Spaced Repetition is Checkpointing for Learning

tl;dr write flashcards when you read, drill them every day, and you get effective autodidactism without needing extreme executive functioning.

I love learning. But I’m also very scatterbrained. So in a typical year I would start reading dozens of textbooks on all sorts of different topics, make it one to three chapters in—and drop them. If I took notes, I’d forget to review them. So most of the effort was wasted. And if I later resumed a book, I had to start from scratch.

Even after starting an otherwise very successful ADHD treatment, this problem1 persisted. And while I haven’t entirely solved it, I have found a way to mitigate the downside and keep the upside.

The solution is spaced repetition. While reading each chapter of a technical book, I’ll write lots of spaced repetition flashcards. I rarely take long-form notes anymore, since those usually end up being just a scratchpad that I later rewrite into flashcards.

And then I drill them. And if priorities or life circumstances or distraction cause me to put a book down, I will remember what I read. And if, weeks or months later, I decide to resume the book, I am able to continue where I left off.

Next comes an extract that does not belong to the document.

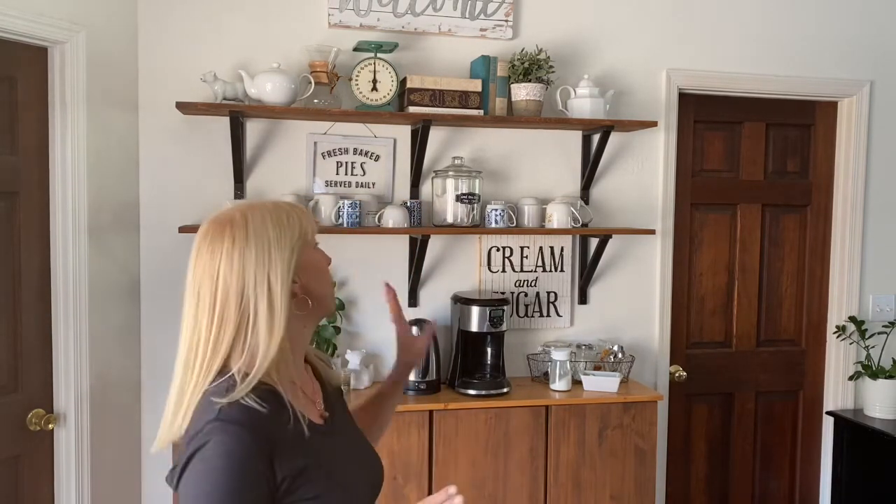I'm Teresa Elling, and I wear many hats, but one of those is professional organizer. I love teaching people how to organize their space to bring calm and peace into their lives. Today I think will be really fun. I've chosen for my one-hour challenge to organize my coffee bar, and it's been a little neglected lately.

Making spaced repetition into a habit lets me have the best of both worlds: I can read widely and zero in on my special interest du jour, and drop it when the next interesting thing comes along, and still make tangible progress.

The next post will be about how I learnt to use spaced repetition effectively.

Footnotes

  1. And I don’t, entirely, see it as a problem. Broad, survey knowledge can be useful as the explore phase of explore-exploit, and not all knowledge is worth acquiring in depth.